Every writing book is good
If it gets you to write!
The one topic writers find it easy to write about is how hard it is to write.
One of my favorite paragraphs on the subject comes from David Rakoff’s Half Empty:
Creativity demands an ability to be with oneself at one’s least attractive, that sometimes it’s just easier not to do anything. Writing — I can really only speak to writing here — always, always only starts out as shit: an infant on monstrous aspect; bawling, ugly, terrible, and it stays terrible for a long, long time (sometimes forever). Unlike cooking, for example, where largely edible, if raw, ingredients are assembled, cut, heated, and otherwise manipulated into something both digestible and palatable, writing is closer to having to reverse-engineer a meal out of rotten food.”

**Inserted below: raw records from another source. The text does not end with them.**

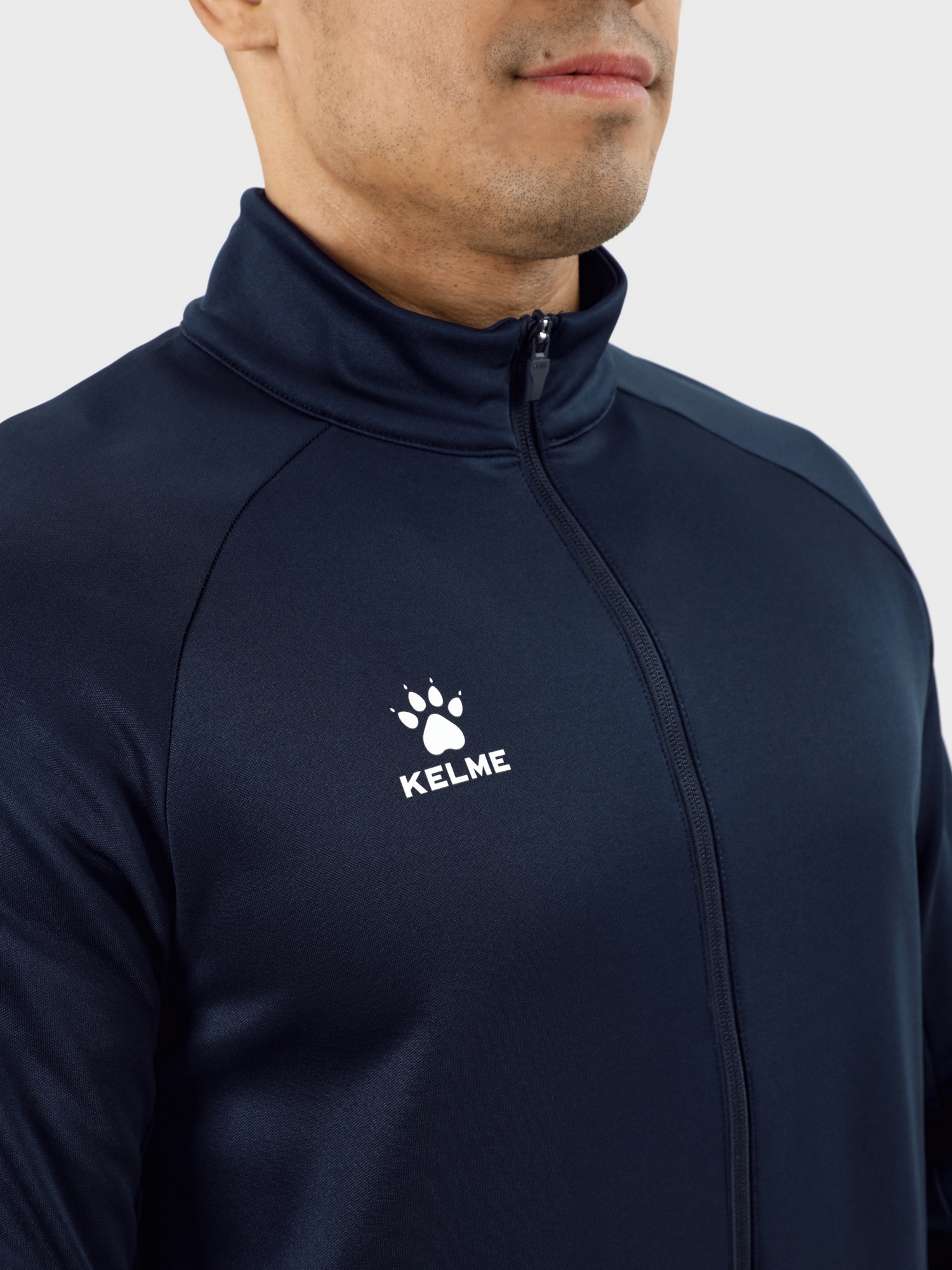 Олимпийка Kelme Knitted Jacket (plus Fleece) 7461WT1143-416 Dark Blue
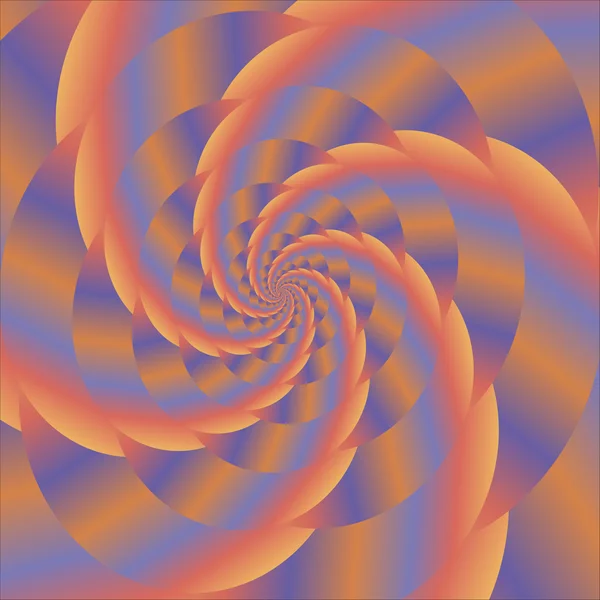 Fractal Design. Kolorowe sfery. Kolorowe spirali — Wektor stockowy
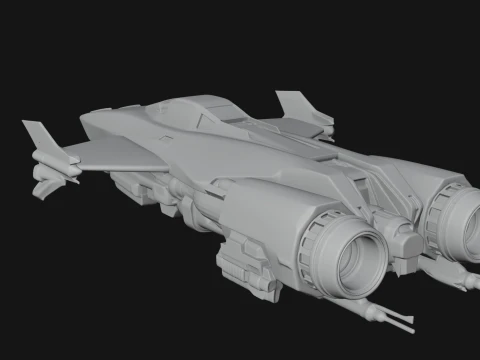 Sci Fi Fighter Craft Model Design 22 - 3D Print Model 3D Print Model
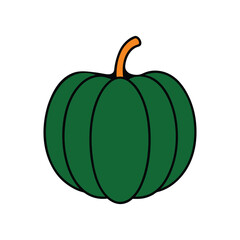 illustration of a pumpkin on white background 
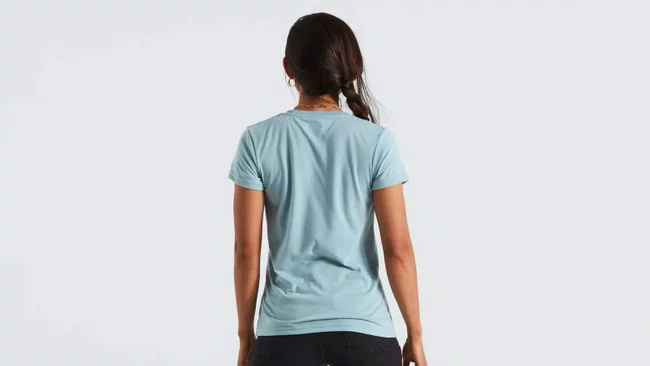 Camiseta specialized feminina manga curta c/logo g (64622-0304) azul artico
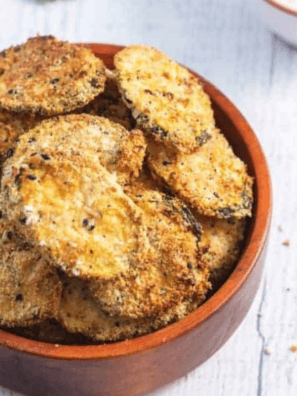 Easy Air Fryer Keto Zucchini Chips (Extra Crispy & Breaded)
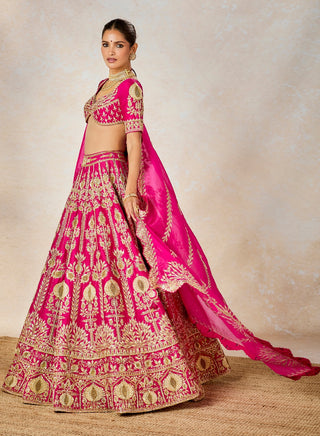 Rani Pink Dilli 6 Lehenga Set by House Of Masaba available on Indiaspopup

This is where the “Shitty First Drafts” chapter of Anne Lamott’s Bird By Bird comes in handy:
Almost all good writing begins with terrible first efforts. You need to start somewhere. Start by getting something — anything — down on paper. A friend of mine says that the first draft is the down draft — you just get it down. The second draft is the up draft — you fix it up. You try to say what you have to say more accurately. And the third draft is the dental draft, where you check every tooth, to see if it’s loose or cramped or decayed, or even, God help us, healthy.
The awful truth is that writing doesn’t really get any easier. No matter how many books you’ve written, your last book won’t write your next one for you. I would even go a step further: The better you think you did on your last book, the harder it is to write another one.
In my recent interview with Jane Ratcliffe, I admitted that the reason I have taken so long in between books is that “I find writing books to be mostly painful.” Several commenters seemed to find this comforting, the idea that someone like me still finds the process terrifying and impossible. I feel like I’m pretty open with y’all about this, but in case I haven’t been recently, let me be so now.